▸ **Information shown**

-------------------------

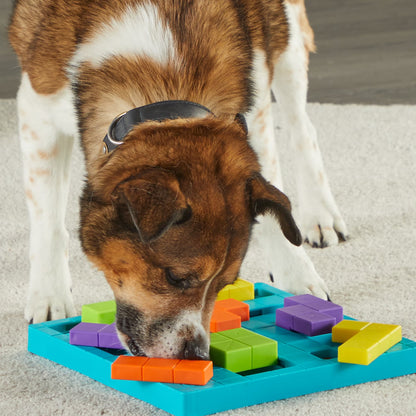 Brightkins Brain Teaser Dog Toy Treat Puzzle Including Guide for Puppy Birthdays, Multi-Color Jigsaw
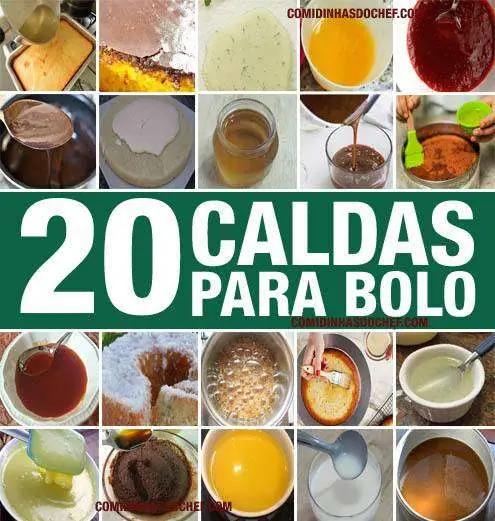20 Calda Para Molhar Bolo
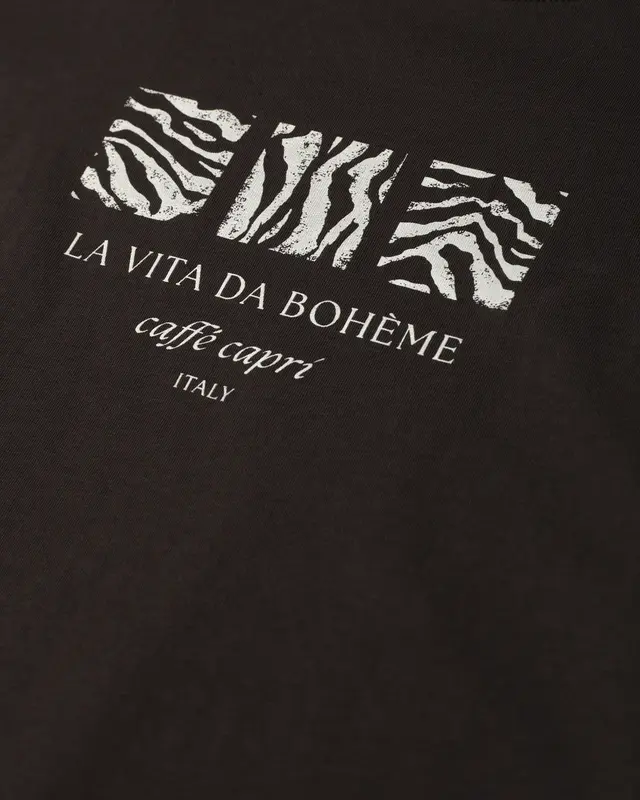 Street One Shirt mit Frontprint - Espresso Brown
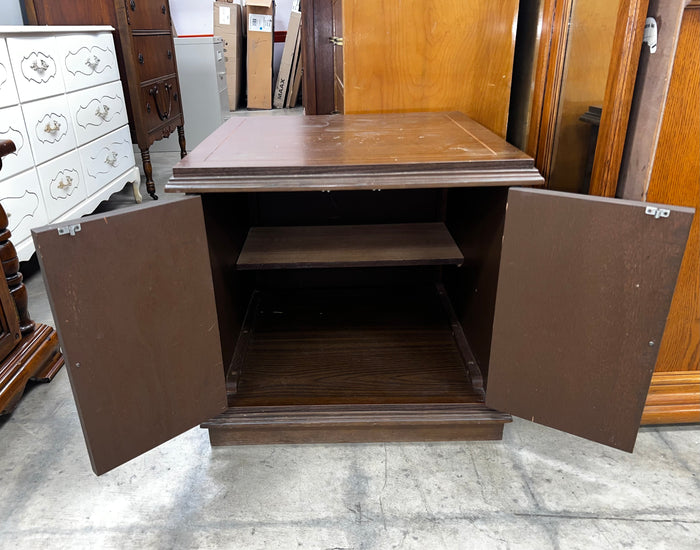 Dark Brown Wooden Side Table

-------------------------

Begin at the line containing "Street One Shirt" and restate exactly every line through the end of the material, skipping the pictures.

▸ **Exercise output**
 Street One Shirt mit Frontprint - Espresso Brown
 Dark Brown Wooden Side Table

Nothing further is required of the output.